# Montgomery lake photos



## kwayne (Apr 3, 2010)

These are photos of Montgomery Lake on the Ocmulgee River where the World Record BASS was caught.


----------



## Hut2 (Apr 3, 2010)

42 yrs living in Fitzgerald. & fishing the ocmulgee & never once went there! Someone said ,in an article about ole George Perry & his world record bass that the montgomery lake oxbow isn't nothing like it was way back. That the flow of the river changed or something .? You probably know more possibly. Thanks for sharing your pics!


----------



## westcobbdog (Apr 3, 2010)

its in sad shape now.
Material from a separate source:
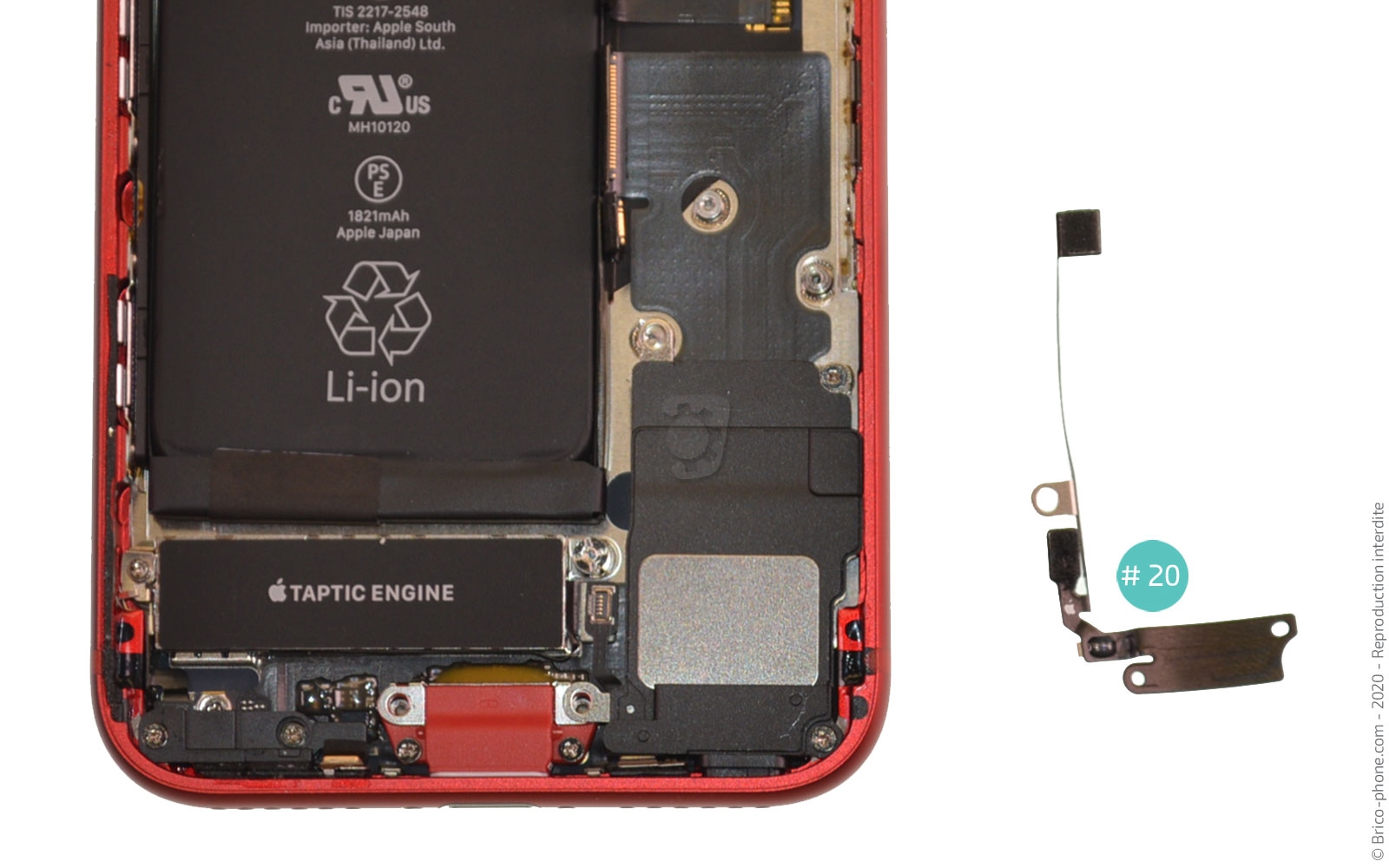 Remplacer le connecteur de charge  sur iPhone SE 2022 photo 3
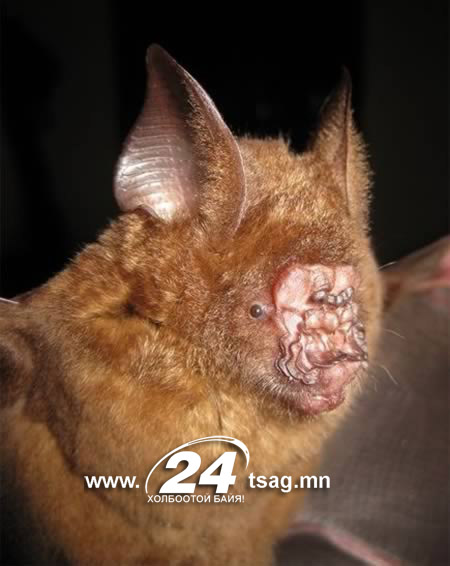 a98333_new-species_1-yoda-bat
I wish the hamburger stand at the red light in Jacksonville would come back,too!


----------



## Hoss (Apr 3, 2010)

Neat.  Thanks for sharing the shots of this famous place.

Hoss


----------



## Cletus T. (Apr 3, 2010)

That's really cool.....awesome pictures!!!!

Thanks for sharing that with us!


----------



## quinn (Apr 3, 2010)

Great shots.The water line sure does go way up there.


----------



## rip18 (Apr 4, 2010)

Sure reminds us that the natural world is constantly changing!  We think about it as static & constant, but it sure ain't!  Neat shots - thanks for sharing.


----------



## leo (Apr 4, 2010)

neat shots, thanks for posting them


----------